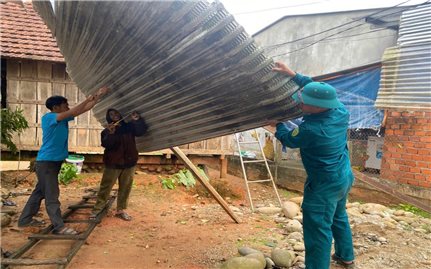 Quảng Ngãi: Khắc phục hậu quả lốc xoáy làm hư hỏng 116 căn nhà ở Ba Vì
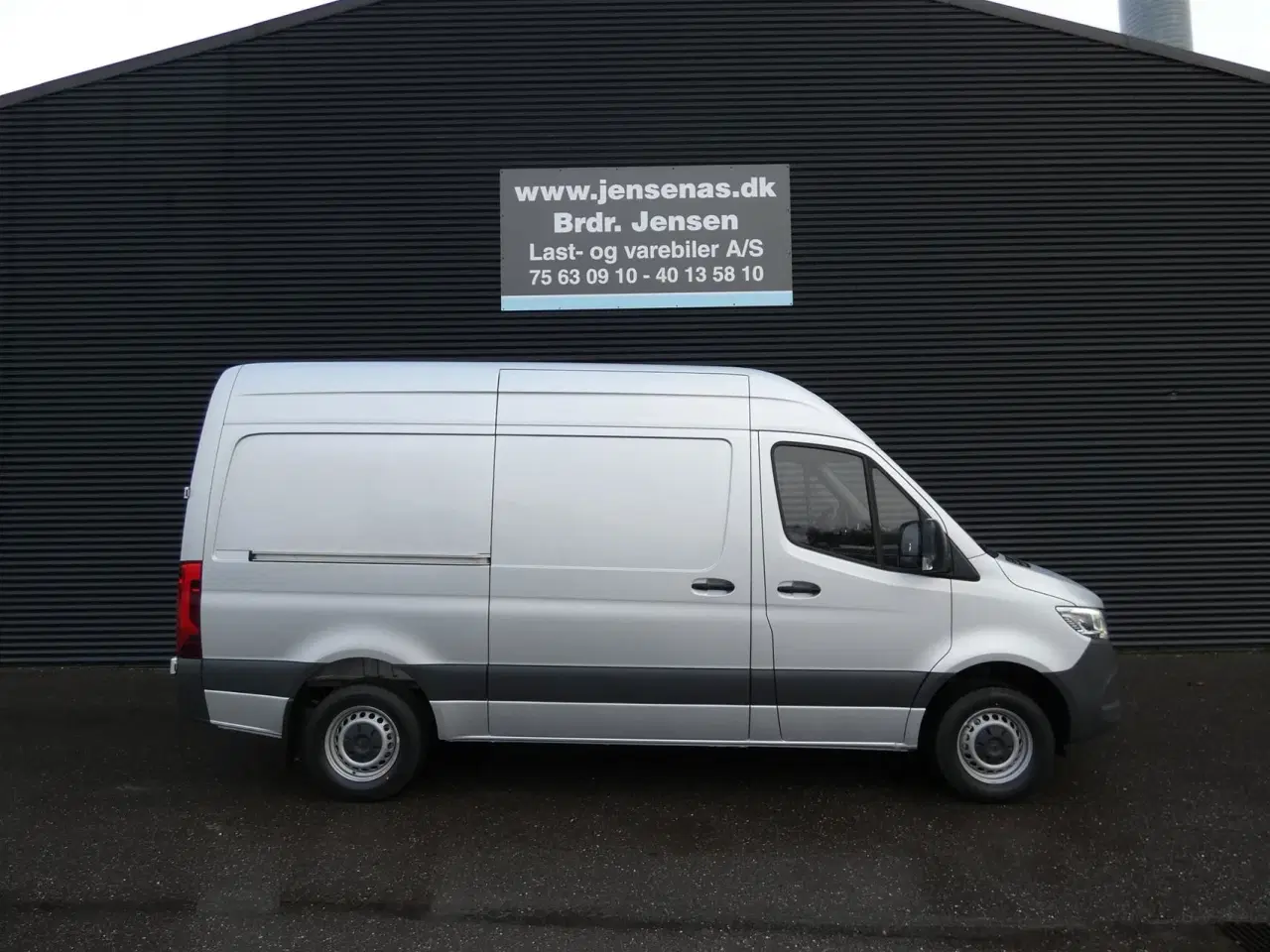 Billede 4 - Mercedes-Benz Sprinter 319 2,0 CDI A2 H2 RWD 9G-Tronic 190HK Van Aut.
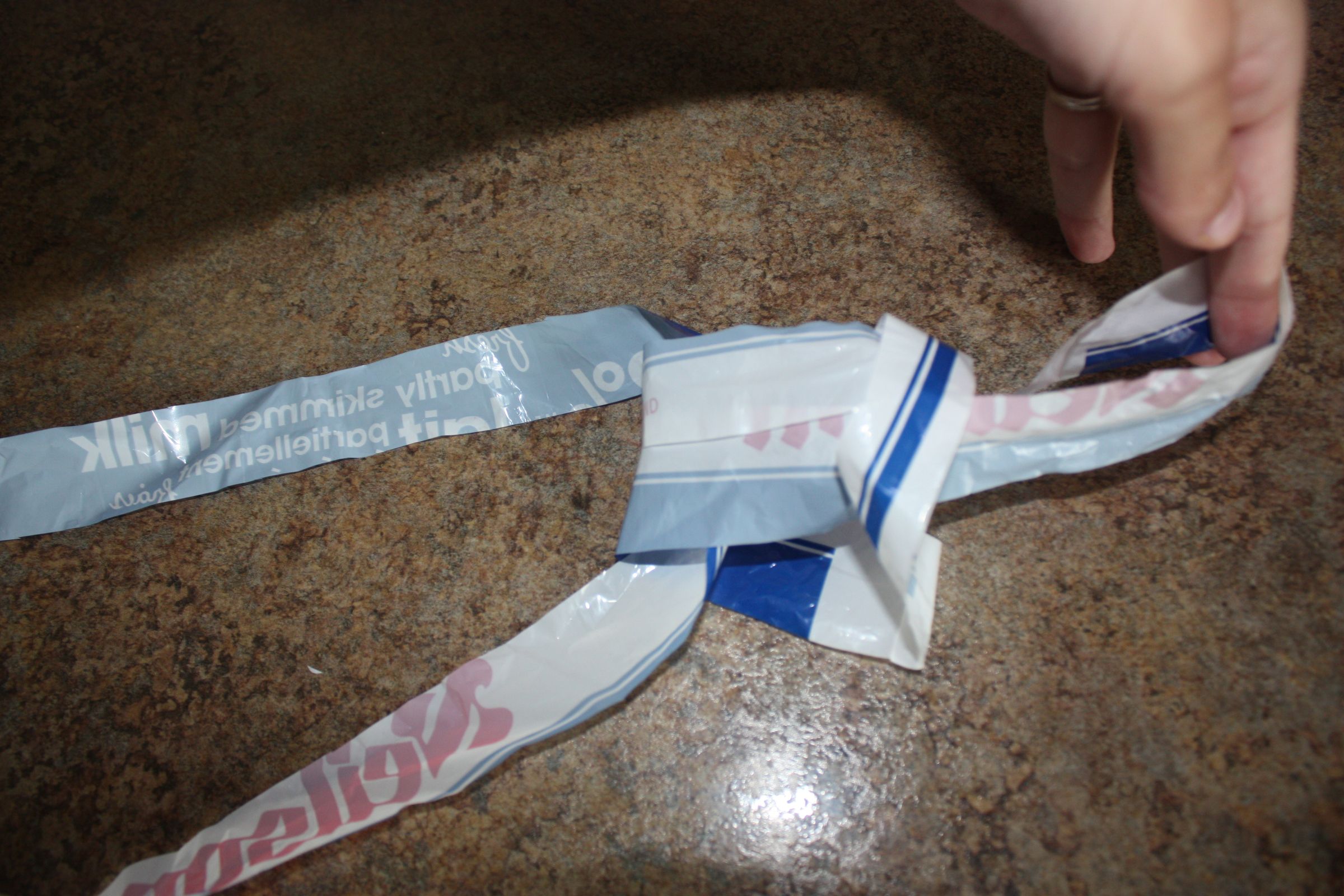 Making Milk Bag Mats Mats 4 Haiti 4 Steps (with Pictures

════════════════

Task brief: No pictures belong in the copy. Return exactly the lines from the line containing "Billede 4 - Mercedes-Benz" through the last line of the listing.

Response:
 Billede 4 - Mercedes-Benz Sprinter 319 2,0 CDI A2 H2 RWD 9G-Tronic 190HK Van Aut.
 Making Milk Bag Mats Mats 4 Haiti 4 Steps (with Pictures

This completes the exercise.